In third grade, all of the kids in my class were friends. When one kid had a birthday party, either all of the girls, all of the boys, or the whole class was invited.
By sixth grade, that changed. We were all starting to be divided by these lines, these unspoken rules that were created after the summer. I didn’t see the lines at first, I still thought that my next door neighbors were my good friends, the ones who I would swim with on hot days, the ones I had over to eat ice cream and play on the hammock. It seemed within the first month, we all decided to choose our “groups.”
The girls who liked to dye their hair blonde, tan throughout the year, and only buy Hollister or Abercrombie clothes were grouped together.
The girls who liked to get into trouble, or didn’t want to listen to the teachers were grouped together.
The guys who were good at sports and played football or hockey were grouped together.
Then finally the kids who didn’t fit into any groups divided amongst themselves, grouping with others to survive.
I had been friends with two boys since the first day of kindergarten. I have a picture, still, of us awkwardly standing by the bus stop on the second day of school. We had been close growing up, since we all lived close to each other. During the fifth grade, I was frozen out by the two boys since they seemed to realize I was a girl, which meant I didn’t mingle with boys. They had stayed close, yet by the end of the sixth grade, the two former best friends had separated. One went to a group of sporty boys, the other the miscellaneous group.
I fit in with the miscellaneous girls group. I wasn’t in with being blonde, or tan; yet, I liked to pay attention in class and get good grades. I made a new group of friends with two other girls I had known, one since the fourth grade when she moved to town, the other since first grade. We became close, we had to when all of the other kids in our class seemed like they only wanted to be close within their own group. Even though there were 40 kids in my grade, it felt like each group was divided by the Berlin Wall, built up by the “social rules.”

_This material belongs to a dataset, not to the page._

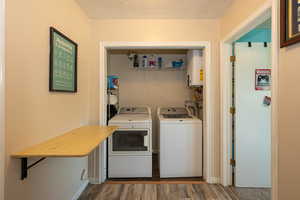 Laundry area with washer and clothes dryer, water heater, wood finished floors, and a textured ceiling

Being in a school that was so divided for three years in a way scarred me. When high school came, I didn’t trust people I didn’t know. I was used to having the lines defined to me by my classmates. How could I forget what I learned in middle school and incorporate myself into the new social pool? I sometimes look back on those three years of middle school wondering if I would’ve turned out different, better, if I had chosen to be in a different group.